Your task: From the entries below, print exactly the span beginning with the line holding "优质腐竹建设项目投资策划方案.docx_第5页" and ending with the line holding "Книги за личностно развитие, снимка 2", endpoints included, and skip any pictures.

[Brief descriptive captions]
▼

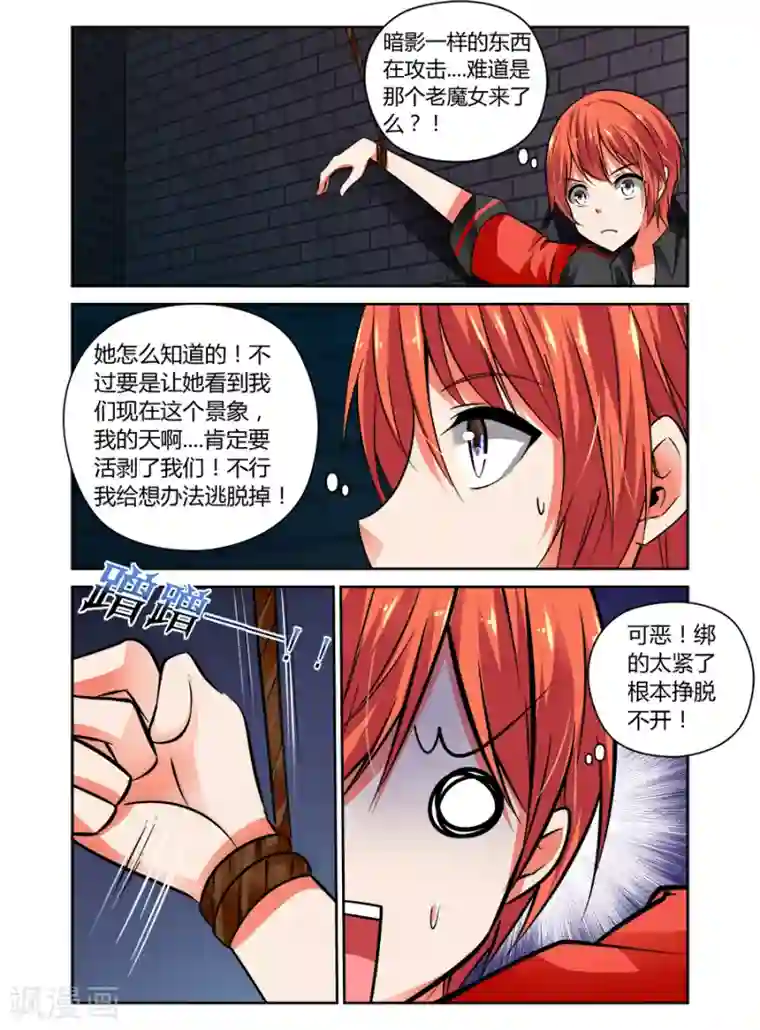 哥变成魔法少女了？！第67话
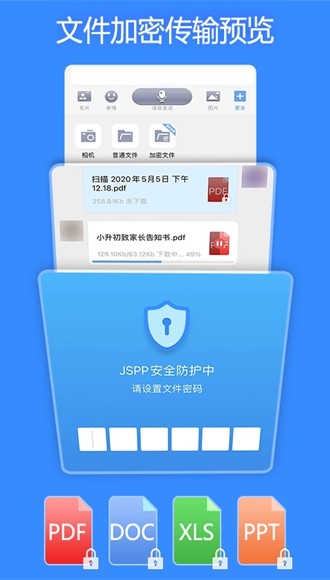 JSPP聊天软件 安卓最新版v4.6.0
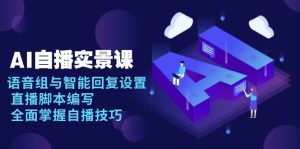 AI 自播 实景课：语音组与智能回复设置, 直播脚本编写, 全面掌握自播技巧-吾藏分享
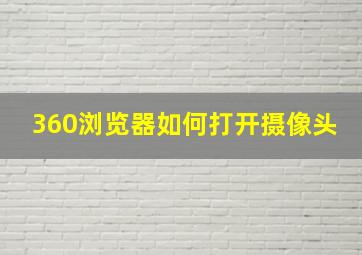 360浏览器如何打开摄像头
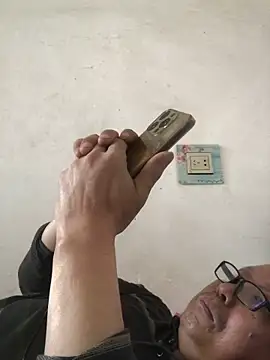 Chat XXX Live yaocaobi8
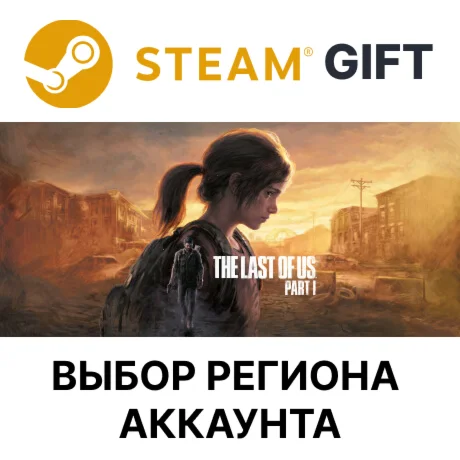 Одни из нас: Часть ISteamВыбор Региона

▲
▼

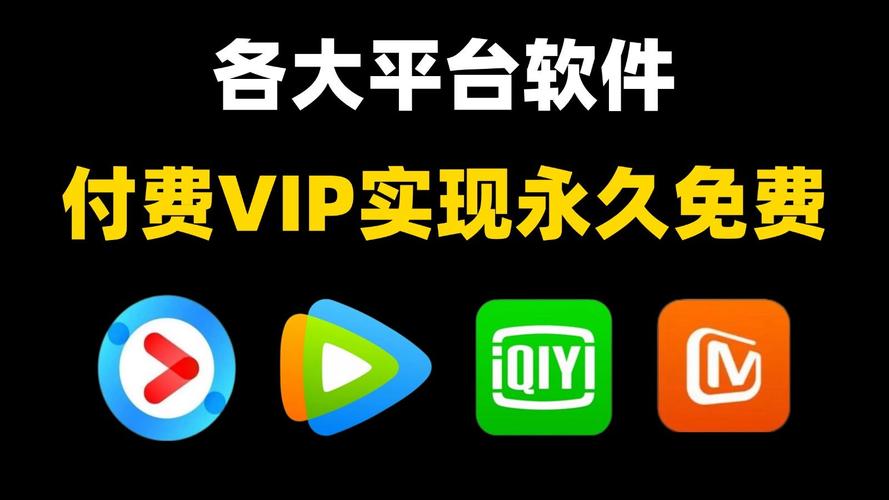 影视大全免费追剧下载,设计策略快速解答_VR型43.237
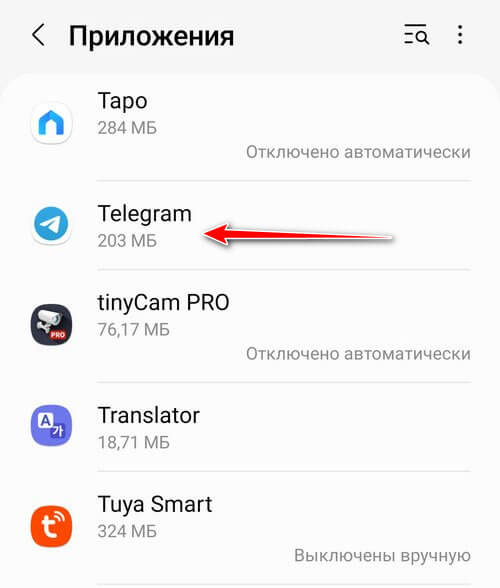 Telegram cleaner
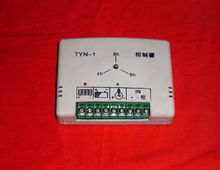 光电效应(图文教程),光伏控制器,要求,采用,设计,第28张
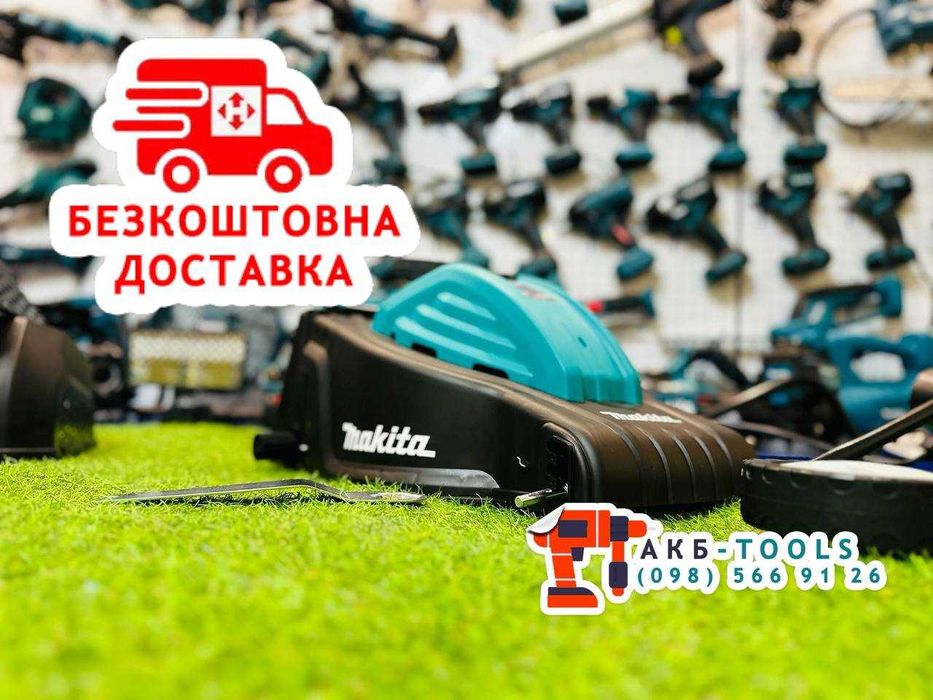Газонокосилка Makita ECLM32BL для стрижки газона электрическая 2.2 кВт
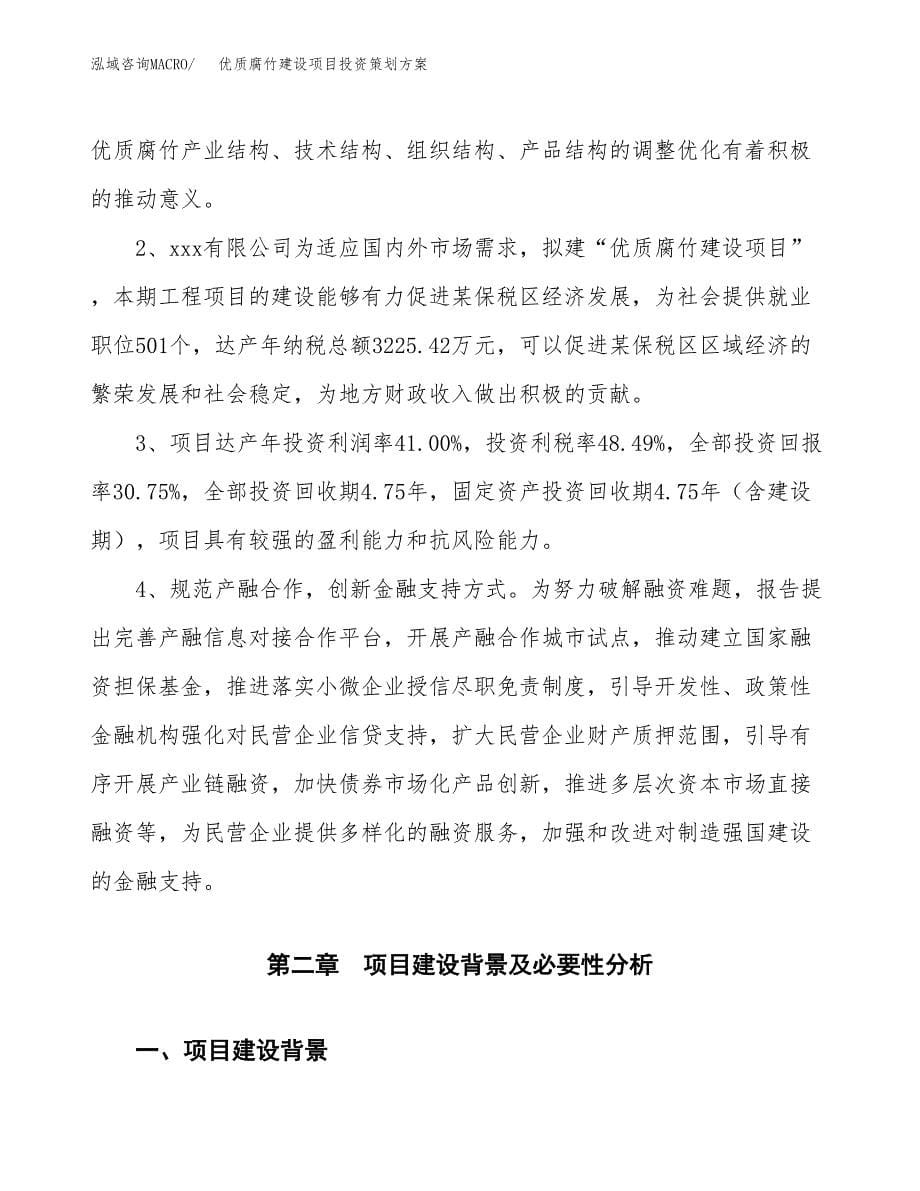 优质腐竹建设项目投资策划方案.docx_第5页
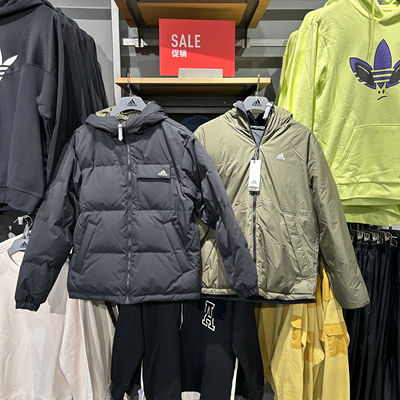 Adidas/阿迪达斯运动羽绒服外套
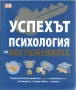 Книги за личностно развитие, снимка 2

▲

Exercise answer:
 优质腐竹建设项目投资策划方案.docx_第5页
 Adidas/阿迪达斯运动羽绒服外套
 Книги за личностно развитие, снимка 2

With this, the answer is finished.